In december lekte al een ontwerp van het voorstel uit. Daaruit bleek dat ook deze wet net als de AVG - terecht - een verordening wordt; één en dezelfde wet voor hele Europa dus. Naast de genoemde onderwerpen, die hier en daar worden aangescherpt of verduidelijkt, bevat het ontwerp van de e-Privacy Verordening ook uitbreidingen. Zo gaan ook internetcommunicatiediensten als Skype en WhatsApp onder de werking van de e-Privacy Verordening vallen.

Maar de opmerkelijkste uitbreiding is die artikel 10: het privacy-by-default vereiste gaat ook gelden voor slimme apparaten, zoals smart-TV's en Internet-of-Things apparaten. De regel komt erop neer dat de Europese Commissie een verbod voorstelt op het 'op de markt brengen' van slimme apparaten die niet aan deze eis voldoen.

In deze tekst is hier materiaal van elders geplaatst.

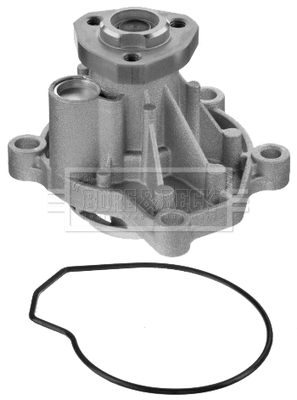 Water Pump, engine cooling (BWP2031)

Dit en dit is onder de e-Privacy Verordening dus uit den boze. Deze nieuwe eis raakt primair de elektronicabranche (retail, groothandel, import) en in hun kielzog de - vaak buitenlandse - producenten van de apparatuur. Dat wordt nog een fikse kluif voor de douane en de NWVA !

Eerste boetes?

Bij zijn aantreden zei de nieuwe voorzitter van de AP, Aleid Wolfsen, dat de boetes er aan zitten te komen. Bij de AP zijn in 2016 een kleine 5500 meldingen van een datalek binnengekomen. Daarvan zijn een aantal door de AP in onderzoek genomen. En daarvan zullen waarschijnlijk weer een aantal in aanmerking komen voor een boete.

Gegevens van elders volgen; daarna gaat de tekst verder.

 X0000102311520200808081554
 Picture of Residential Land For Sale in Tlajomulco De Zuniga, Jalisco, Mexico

Omdat de AP in haar boetebeleidsregels werkt met boetecategorieën voor het niet nakomen van de beveiligingsverplichting (categorie II: minimaal 150.000 euro, maximaal 500.000 euro), waarbij sprake kan zijn van zowel boeteverhogende als boeteverlagende omstandigheden, is het dus nog even afwachten wat de gemiddelde hoogte zal zijn van een boete voor een datalek.

Maar daarnaast kan de AP natuurlijk ook een boete uitdelen voor andere overtredingen van de Wbp. Het maximum is ook in 2017 nog 820.000 euro (of 10% van de jaaromzet van de rechtspersoon als 820.000 euro niet passend zou zijn).

Kortom, ook 2017 wordt weer een spannend privacyjaar!